深夜0時、コンピューターと向き合いながら抱いた違和感

私の医師としての原点は、診察室ではなく自動車メーカーのオフィスにあります。
かつて私はエンジニアとして、バブル全盛期の激流の中にいました。
毎日深夜0時過ぎまで残業し、ようやく帰宅しても、システムのトラブルがあれば容赦なく呼び出される。

そんな日々の中で、私はふと、自分の人生の意義を問い直しました。

「私は、何のためにこの技術を使っているのだろうか」

私の兄と弟は医師でした。彼らの背中を見ているうちに、一つの確信が芽生えました。
「同じように夜中に呼び出されるのであれば、機械の不具合を直すためではなく、困っている人の力になるために呼び出されたい。その方が、ずっと社会の役に立てるのではないか。」

その想いが、私を医学部受験へと突き動かしました。エンジニアから医師へ。

一見すると風変わりな経歴かもしれませんが、私の中では「誰のために、何のために自分が貢献できるのか」という問いに対する、極めて論理的で情熱的な答えだったのです。


「病気を治す」のはプロとして当然。

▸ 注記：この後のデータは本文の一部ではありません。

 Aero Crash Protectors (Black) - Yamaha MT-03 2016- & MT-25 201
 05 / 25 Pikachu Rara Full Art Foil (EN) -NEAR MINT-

その先にある「笑顔」を診たい

2020年10月、私は愛知県小牧市に「健康塾クリニック」を開院しました。
専門は循環器内科、特に心臓カテーテル治療という、命の最前線に関わる分野です。

しかし、開業にあたって私が決意したのは、単に病気を治療するだけの場所にはしない、ということでした。

私が提供したいのは、医療に「プラスアルファ」の価値を添えた、トータルな健康サポートです。
例えば、私は趣味の筋トレを通じて、身体づくりにおける栄養素の重要性やPFCバランス(タンパク質・脂質・炭水化物の比率)を深く学んできました。
当院では、心疾患の管理はもちろんのこと、患者さんが「より動ける体、より若々しい心」を手に入れられるよう、具体的な食事内容や運動量のアドバイスを行っています。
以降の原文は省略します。